Find the maximum value for the area of a heptagon with all vertices on a circle and two diagonals perpendicular.

How many ways are there to divide a $2\times n$ rectangle into rectangles having integral sides, where $n$ is a positive integer?

If $x,y,z$ are positive real numbers and $xy+yz+zx=1$ prove that \[ \frac{27}{4} (x+y)(y+z)(z+x) \geq ( \sqrt{x+y} +\sqrt{ y+z} + \sqrt{z+x} )^2 \geq 6 \sqrt 3. \]

Click for solution The inequality $9(x+y)(y+z)(z+x)\geq 8(xy+yz+zx)(x+y+z)$ (1) it seems to be lovely Using (1) and after Cauchy We have $\frac{27}{4}(x+y)(y+z)(z+x)\geq 6(x+y+z)\geq (\sqrt{x+y}+\sqrt{y+z}+\sqrt{z+x})^2$ Now by using AM-GM and then (1) we have $(\sqrt{x+y}+\sqrt{y+z}+\sqrt{z+x})^2\geq 9\sqrt[3]{(x+y)(y+z)(z+x)}\geq 9\sqrt[3]{\frac{8(x+y+z)}{9}}\geq 9 \sqrt[3]{\frac{8 \sqrt{3(xy+yz+zx)}}{9}}\geq 6\sqrt{3}$ and we are done

For all integers $n\geq 1$ we define $x_{n+1}=x_1^2+x_2^2+\cdots +x_n^2$, where $x_1$ is a positive integer. Find the least $x_1$ such that 2006 divides $x_{2006}$.

From a point $Q$ on a circle with diameter $AB$ different from $A$ and $B$, we draw a perpendicular to $AB$, $QH$, where $H$ lies on $AB$. The intersection points of the circle of diameter $AB$ and the circle of center $Q$ and radius $QH$ are $C$ and $D$. Prove that $CD$ bisects $QH$.

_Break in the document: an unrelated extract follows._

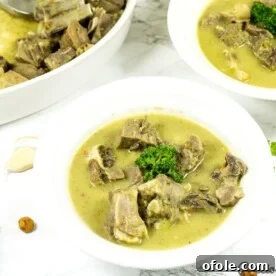 Goat Meat Pepper Soup Recipe, savory and spicy.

Each one of 2006 students makes a list with 12 schools among 2006. If we take any 6 students, there are two schools which at least one of them is included in each of 6 lists. A list which includes at least one school from all lists is a good list. a) Prove that we can always find a good list with 12 elements, whatever the lists are; b) Prove that students can make lists such that no shorter list is good.